The iconic Beverly Bridge between Vantage and Mattawa, along with the recently completed Renslow Trestle over Interstate 90, will allow people to safely travel on the Palouse to Cascades State Park Trail in an area where they would previously have to detour.
The bridge was completed in 1909 to serve the Chicago, Milwaukee, St. Paul and Pacific Railroad. It was placed on the National Register of Historic Places in 1982 due to its significance in regional railroad history. A fire destroyed part of the wooden decking on the bridge in 2014. The current project, overseen by Washington State Parks, involves removing the wooden decking and replacing it with a concrete surface and handrails. It also involves rehabilitating a redundant power connection between Grant and Kittitas counties.
Washington State Parks Project Manager Adam Fulton said the project should be finished in late August to early September. Three hundred and thirty-eight concrete panels, most of which are 13 feet wide and 8 feet long, are being installed on the bridge decking after the treated wood is removed. Once the panels are installed, Fulton said crews will pour a concrete slab over the panels to complete the new decking surface, along with new handrails for pedestrian safety.
“We’re about 99% done with the panels,” Fulton said. “There’s just a few oddball sizes we have to have custom made and brought to the site. Starting this week, we’re doing the concrete overlay.”
He said 90% of the project funding came from the Washington Legislature through a grant supplied by the Department of Archaeological and Historical Preservation, with 10% funded through the Kittitas Public Utility District.
“The reason for that is because there is a redundant power feed that connects Grant County PUD and Kittitas County PUD,” he said. “That line is being run over the top of the bridge.”
In a historical tie-in, Fulton said the power connection is being run over the catenary that was once used to supply electric power to trains that crossed over the bridge, an unusual feature of the structure.
Throughout the project, he said the goal has been to preserve as much of the historic nature of the bridge, while also taking modern issues into consideration.
“It’s kind of a tight rope,” he said. “You want to leave as much of the historic character as you can and not alter that, and yet you have to build today’s safety and environmental codes. Hopefully we found that sweet spot. When you look at the bridge, you’re still looking at this fantastic historic structure that was built from 1906 to 1909 by a steel company that was later owned by J.P. Morgan. It was a fantastic time in the history of our nation.”
While walking the tightrope, Fulton said the project has been able to provide extra safety not only to pedestrians but the structure itself. By removing the wooden decking, the bridge is not only less susceptible to fire but more environmentally friendly.
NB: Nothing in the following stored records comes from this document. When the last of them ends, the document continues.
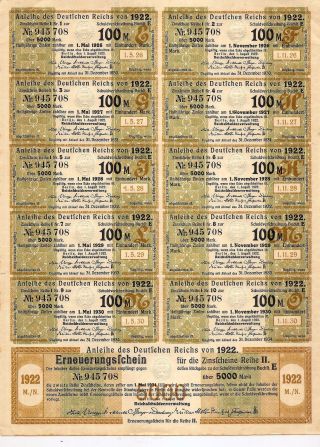 5000 Marks 1922 Pre Wwii German Government Bond Berlin Coupons Only (rare) photo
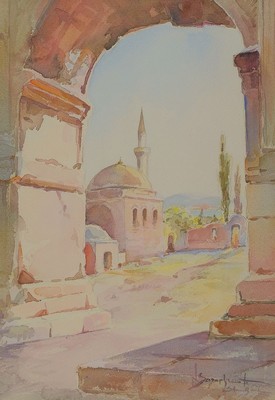 Nikolai Saraphanoff, Maler des 19./20. Jh., 3 Ansichten aus Istanbul, Aquarell auf Papier, alle signiert, je ca. 41x28cm, PP, u.Gl., R. ca. 61x46cm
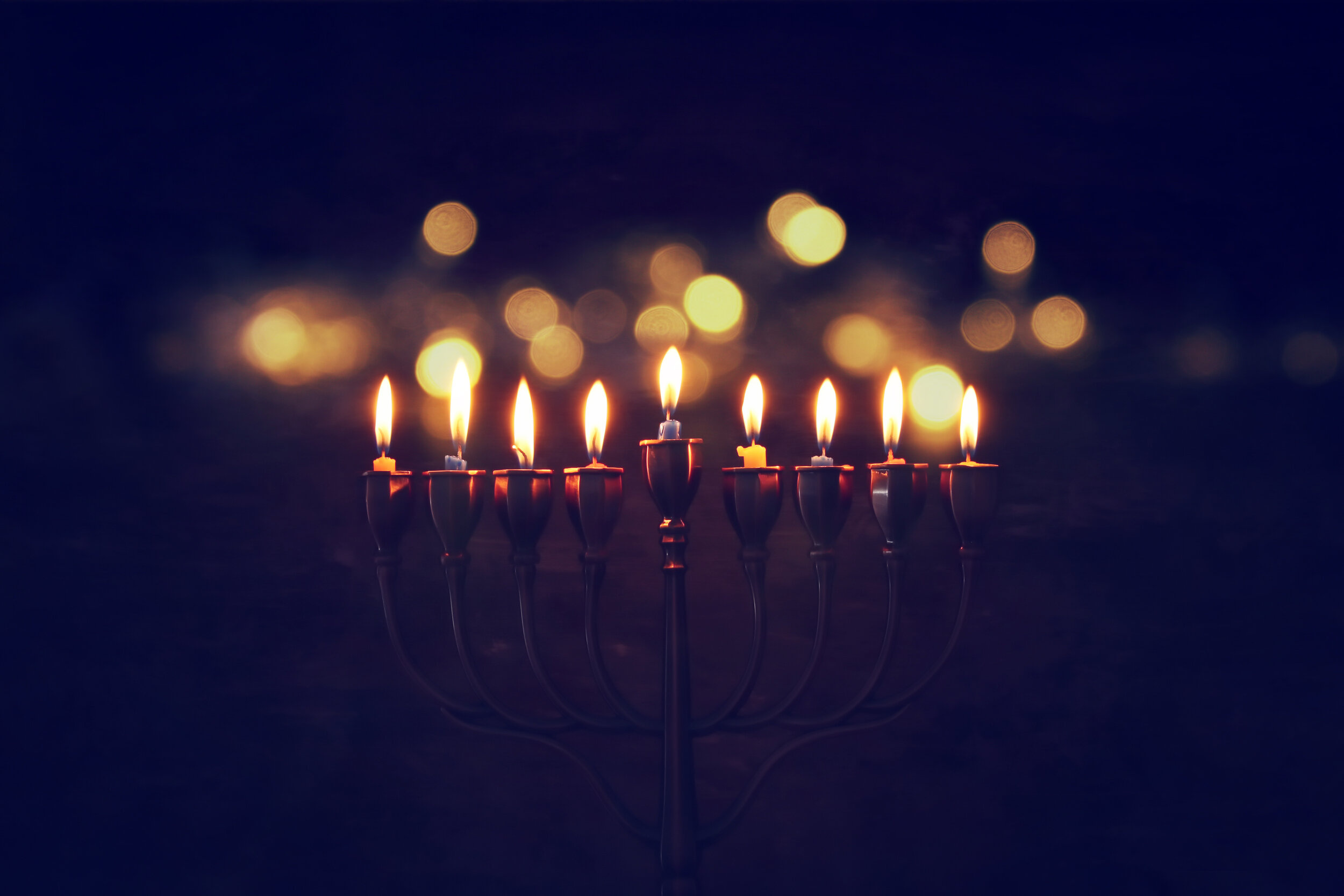 Candelabra, Jewish holiday, Hanukkah background, Menorah, 2500x1670 HD Desktop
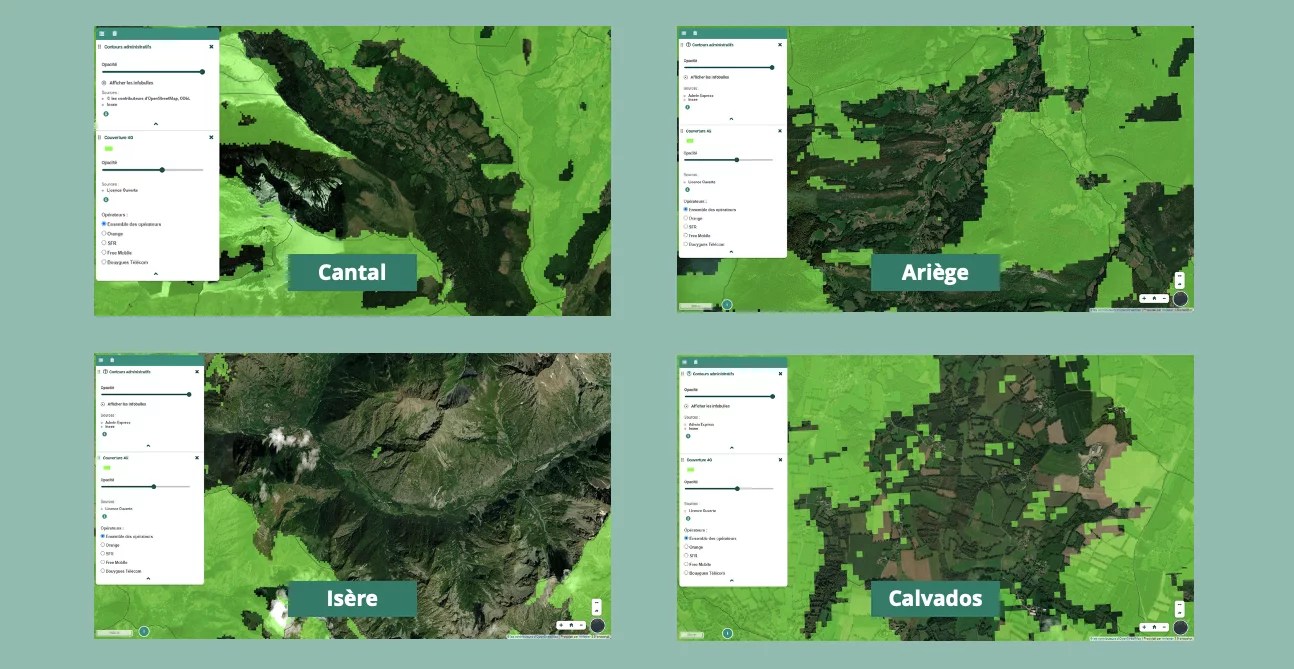 Carte montrant des régions sans aucune couverture 4G.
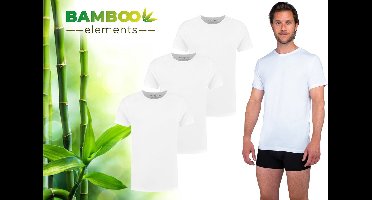 Bamboo - T-Shirt Heren - Ronde Hals - 3 Stuks - Wit - XXL - Bamboe Ondershirt Heren - Extra Lang - Anti Zweet T-shirt Heren
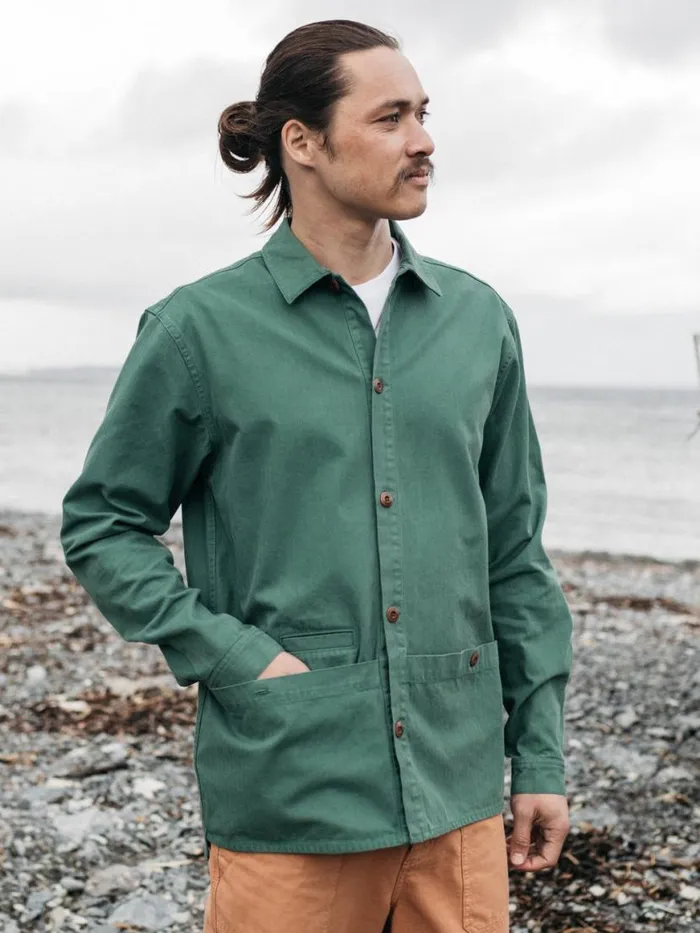 Men Tonkin Work Shirt Pine Shadow Finisterre Shirts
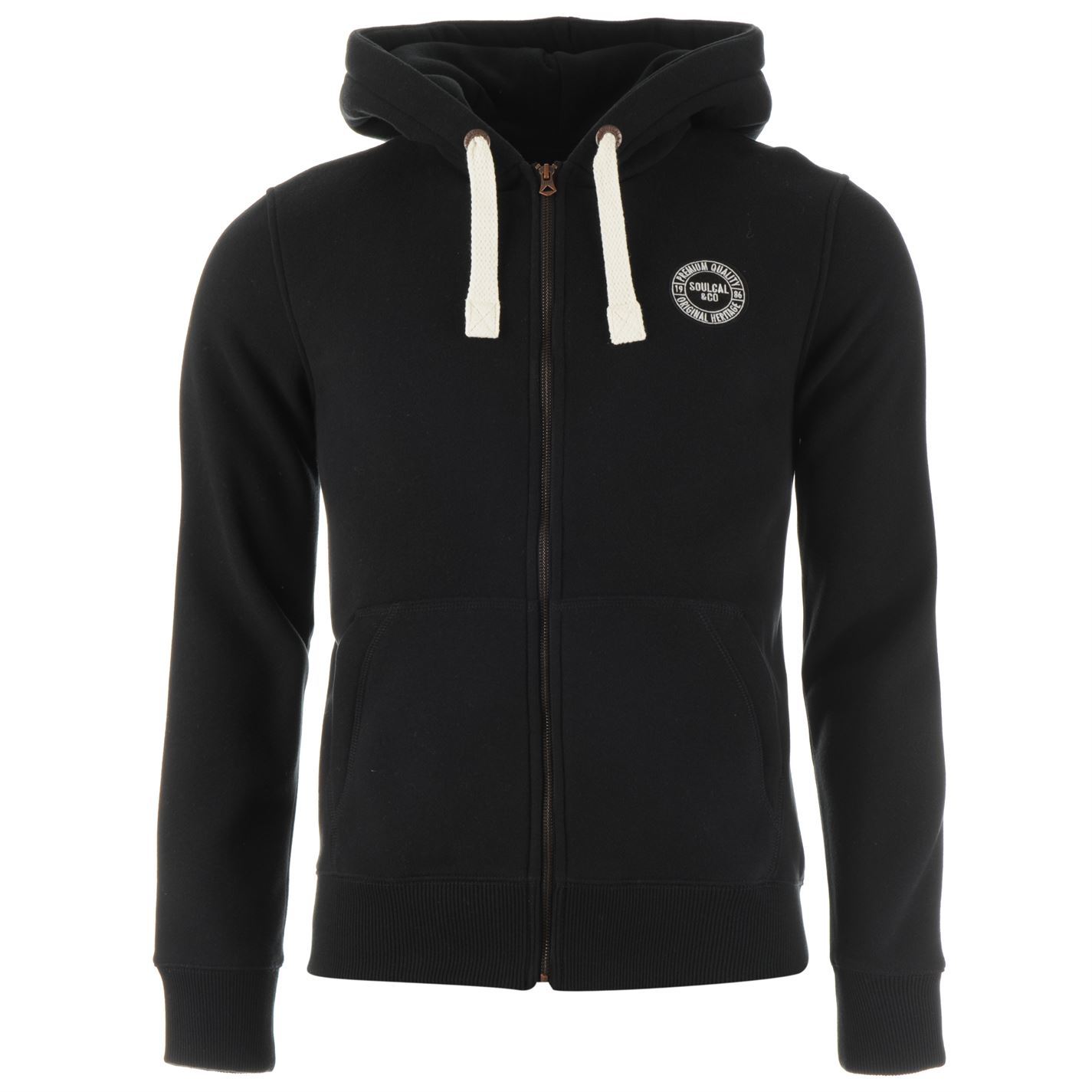 Sweat à Capuche Homme Soulcal & Co – Gris Zippé Intégral – Taille M – Coton/polyester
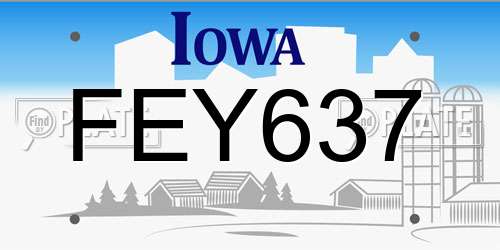 FEY637 Iowa License Plate
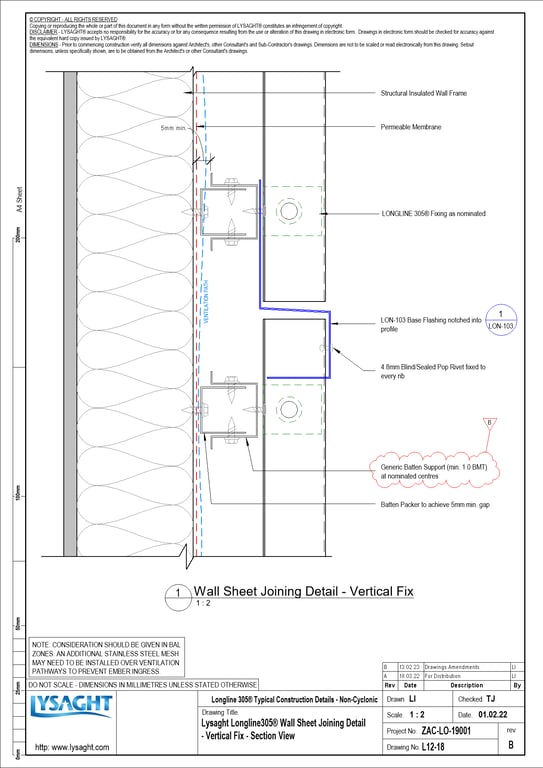Navigate to L12-18 - Lysaght Longline305® Wall Sheet Joining Detail - Vertical Fix - Section View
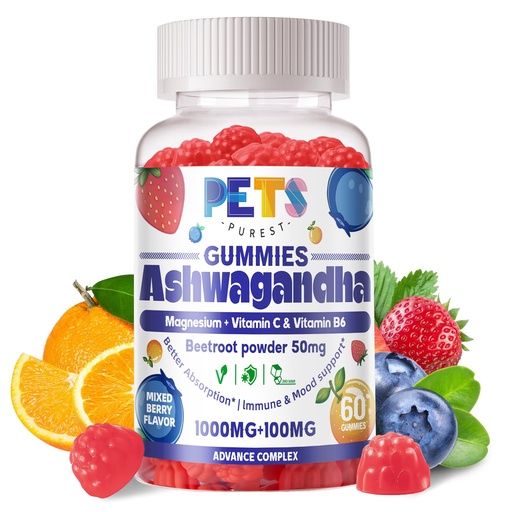 [BRSRAAQHAEMAAFLB] Ashwagandha Gummies & Vitamin D3 Gummies 60 Count - Organic Aswangdha Supplement for Improve Sleep, Stress Relief & Mood Calm(Mixed Berry, Vegan, Plant Based,Gluten-Free & Gelatin Free)-1pack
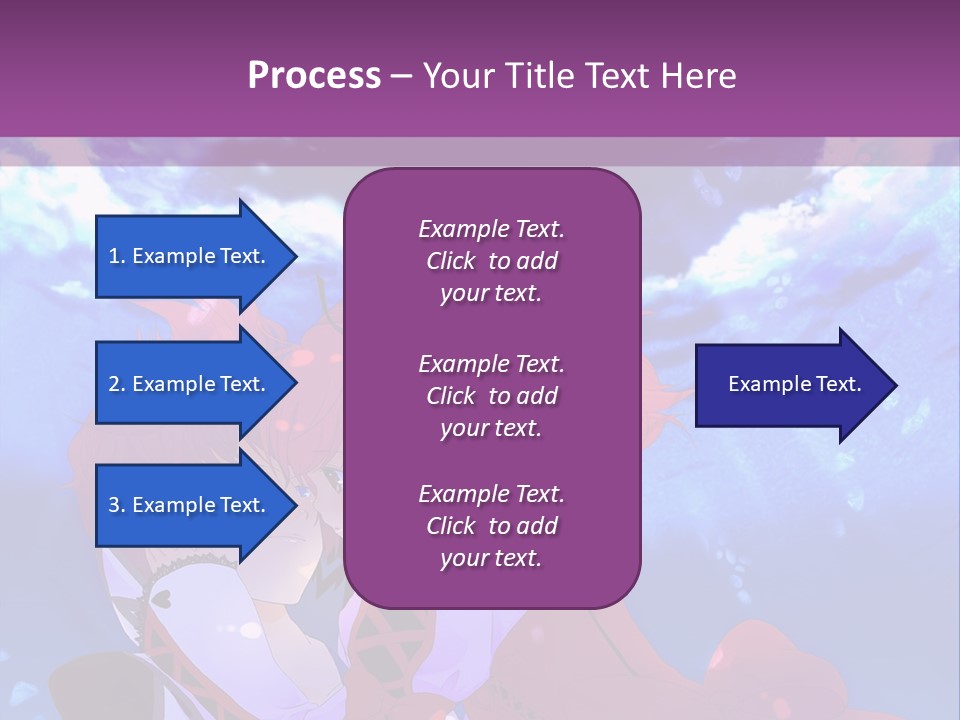 A Couple Of Anime Characters Sitting Next To Each Other PowerPoint Template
“The dual benefit is no longer will we have heavily creosote-treated materials leaching into the Columbia River,” he said. “Instead, it’s concrete and steel, which are essentially inert to significant runoff or leachate.”
As the project nears completion, Fulton said Washington State Parks will release details on a planned grand opening ceremony for the bridge. For now, he said the exact date has not been set.
Once the project is complete, Fulton said the bridge will provide safe access to a crossing over the Columbia River that previously hasn’t existed for decades in the region, helping to complete a critical link for those using the Palouse to Cascades State Park Trial. Currently, the only crossing in the area is Interstate 90 on the Vantage Bridge, which does not accommodate pedestrians.
“What this trail does is provide the big link from east to west,” he said. “Suddenly, the trail is this continuous experience. This bridge is a jewel. You’re over the top of the Columbia River with fantastic views of the geology and cultural experience with the hydropower. It’s an amazing epicenter of interest.”